- Data to examine -
________________

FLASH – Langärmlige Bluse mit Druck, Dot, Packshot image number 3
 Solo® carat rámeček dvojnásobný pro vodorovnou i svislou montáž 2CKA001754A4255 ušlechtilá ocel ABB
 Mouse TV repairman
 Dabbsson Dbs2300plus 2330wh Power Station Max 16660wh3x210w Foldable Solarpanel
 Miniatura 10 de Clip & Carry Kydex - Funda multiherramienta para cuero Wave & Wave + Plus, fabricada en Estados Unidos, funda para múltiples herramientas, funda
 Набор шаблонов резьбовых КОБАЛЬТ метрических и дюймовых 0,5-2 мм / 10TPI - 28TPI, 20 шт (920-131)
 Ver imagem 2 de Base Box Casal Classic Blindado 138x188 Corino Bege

________________

- Required work -
Which lines run from the one containing "Mouse TV repairman" to the end of the records? Transcribe exactly those, both ends included.

- Task result -
 Mouse TV repairman
 Dabbsson Dbs2300plus 2330wh Power Station Max 16660wh3x210w Foldable Solarpanel
 Miniatura 10 de Clip & Carry Kydex - Funda multiherramienta para cuero Wave & Wave + Plus, fabricada en Estados Unidos, funda para múltiples herramientas, funda
 Набор шаблонов резьбовых КОБАЛЬТ метрических и дюймовых 0,5-2 мм / 10TPI - 28TPI, 20 шт (920-131)
 Ver imagem 2 de Base Box Casal Classic Blindado 138x188 Corino Bege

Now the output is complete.